Putin’s Russia might offer a clue as to where America is heading. There may still be (a parody version of) “elections”, but they will neither be free nor fair and have no real consequences for who gets to govern. Unlike the great tyrannies of the 20th century, people will probably not be required to believe the lies of the regime, or even pretend they do. Those who claim to be “unpolitical” and stay out of the whole fight should be fine as long as they put up with the occasional harassment from the police, pay the required bribes etc. Some minor dissent and even a limited “opposition” may still be tolerated as long as it can be neutralized by disinformation, discredited by conspiracy theories, or drowned out by a cacophony of conflicting messages (should be easy, since we’re already 99% there), and doesn’t pose any significant threat to the Oligarch in Chief. Appointments to higher office will be based not on merit* but on personal loyalty to the leader. There will be no social mobility, since anything you manage to build can be taken from you under some made up pretext by a jealous oligarch at any time** etc. etc.

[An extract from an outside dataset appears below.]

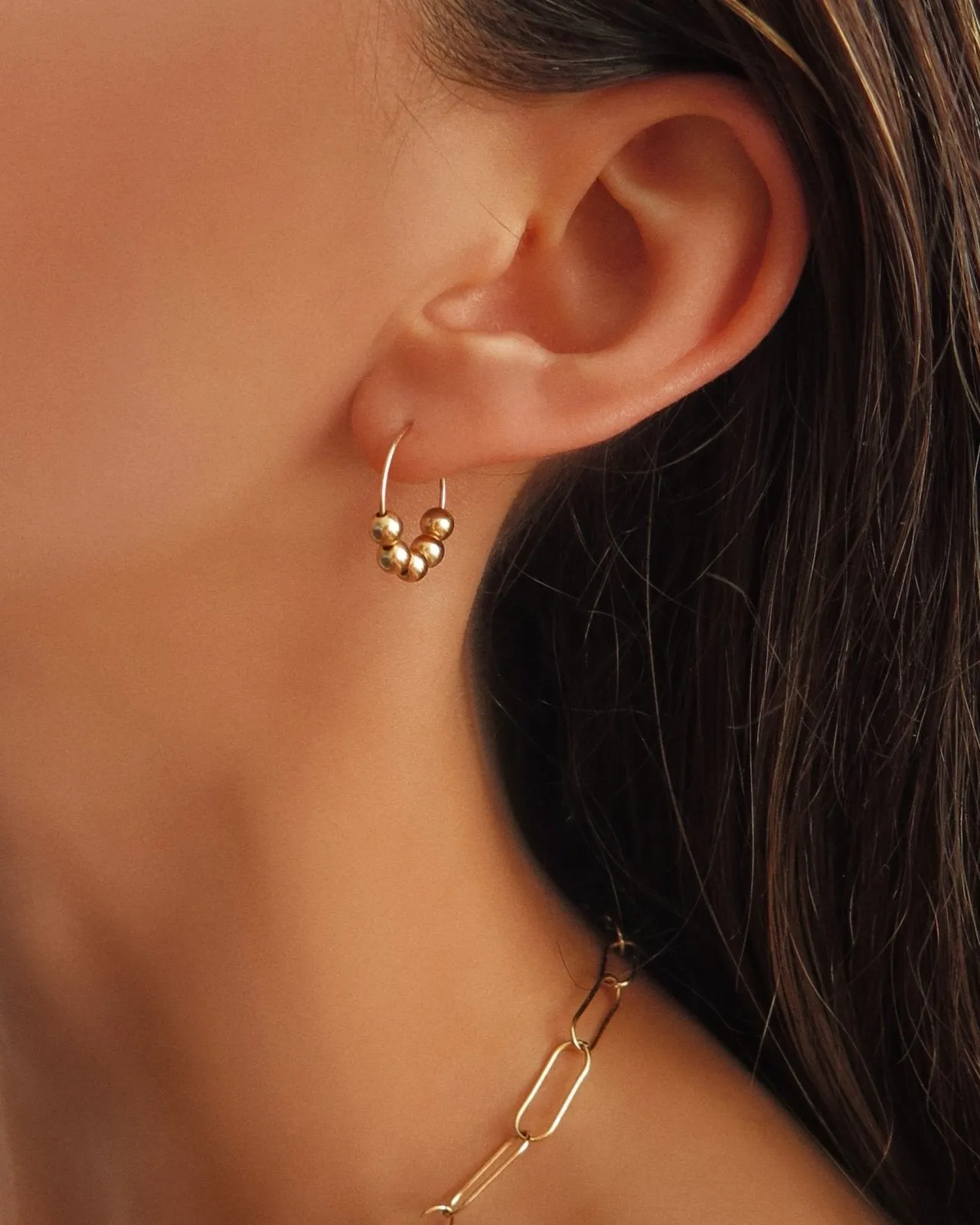 Beaded Hoop Earrings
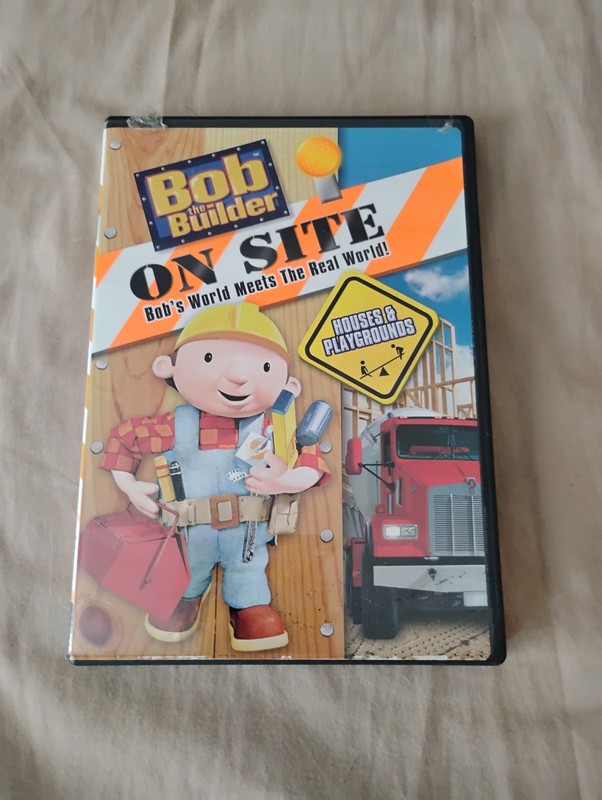 Bob the Builder On Site DVD Houses And Playgrounds (2014) Pre-owned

*This is where attempts to portray Trumpism as simply the logical consequence of what “conservatives” have been up to the whole time fail. As I realized from reading Anne Applebaum’s Twilight of Democracy, this betrayal of “meritocracy” in favor of partisan loyalty is probably more intolerable to traditional fiscal conservatives like Applebaum, Frum, Sykes etc. than to liberals and leftists who say there’s no such thing as meritocracy (it’s all just class privilege perpetuating itself through the generations) anyway.
**Peter Pomerantsev’s Nothing Is True and Everything Is Possible offers a truly shocking example of this from real life in modern Russia.
I’m not sure anything offers us specific clues on how things shake out; Russia has always been a nation of slaves barring maybe a ten to fifteen year period whereas the United States is a nation of relatively free people and was from the start (with some major exceptions). That and our central government is increasingly weaker. Whatever bad is, it’s unlikely to look like anywhere else.
The Republicans talked about being for Law and Order during Nixon’s original campaign, because of all those pesky protests and riots for civil rights and to end the Vietnam War. They even talked about Law and Order during the 1972 campaign, after the break-in (which deterred no one from voting against Nixon.) It was a case of “yes, he’s son of a bitch, but he’s our son of a bitch” reasoning from diehard Nixonians. I get the suspicion that such conservatives aren’t as much for Law and Order, as they are for Order and Law be Dammed. This vein of conservatism has always puzzled me. They hate the government, but love the authoritarian expression of government when they put the “Thin Blue Line” bumper stickers on their cars.
During the Iran-Contra Affair sentencings, people excused Poindexter and North as “doing the wrong thing for the right reasons.” Again, the law be damned. And those same people love Trump because he promises Order. Nothing gets done about police brutality because that would compromise Order and the only fix for unrest is not to address the reasons for unrest, but to add more cops.
Even if they prove to be useless, as in Uvalde.
(I don’t hate cops, I just think they need to be held to higher scrutiny than your ordinary citizen they are meant to serve and protect.)